Prelios Credit Servicing (PRECS), an independent institutional company overseen by the Prelios Group that specializes in the management of non-performing loans (NPLs), has received confirmation from the Fitch Ratings agency of its RSS2+ and CSS2+ ratings as a Special Servicer of, respectively, residential and commercial mortgage loans.
According to Fitch, the rating confirmation reflects the continual attainment of objectives by PRECS, which, over the last few years, has expanded its portfolio of secured instruments by almost one third in terms of value and 60% in terms of the number of loans.
The "2+" valuations from Fitch Ratings take into consideration the constant cost controls and the awarding of new mandates, which have generated a significant improvement in the company's key financial indicators. In addition, an important range of incentives and implementation of personnel loyalty programs has led to a notable reduction in turnover over the last two years.
Fitch said that the boarding process was robust and included detailed quality controls and rigorous activity plans.
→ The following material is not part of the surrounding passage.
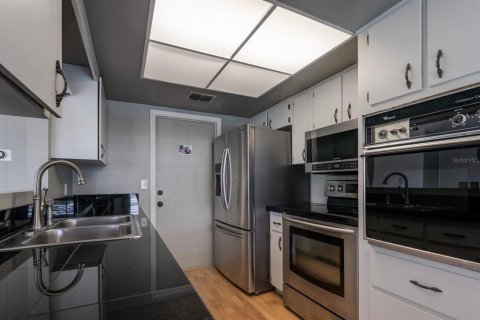 Casa en venta en Eustis, Florida, 4 dormitorios, 161.46 m2 № 1824199 - foto 24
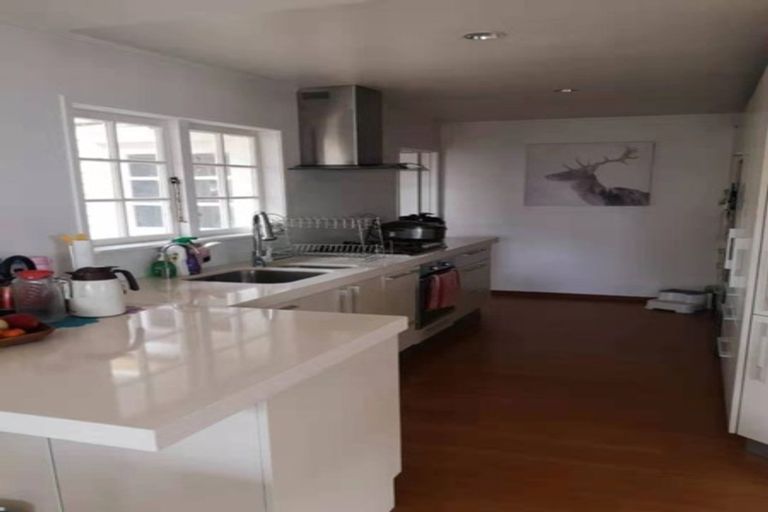 Photo of property in 14 Porter Avenue, Te Atatu South, Auckland, 0610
It also noted that the mix of methods adopted by Prelios Credit Servicing for recovery of judicial and non-judicial credit had secured good average recovery rates on outstanding portfolios.
In 2017, said Fitch, Prelios Credit Servicing underwent an inspection by the Bank of Italy, which did not lead to the opening of any procedures. PRECS has also introduced a Risk Appetite Framework system to meet the need to assume and manage loan-related risks in an efficient manner, with uniform monitoring processes. Furthermore, it completed the annual disaster recovery test without results.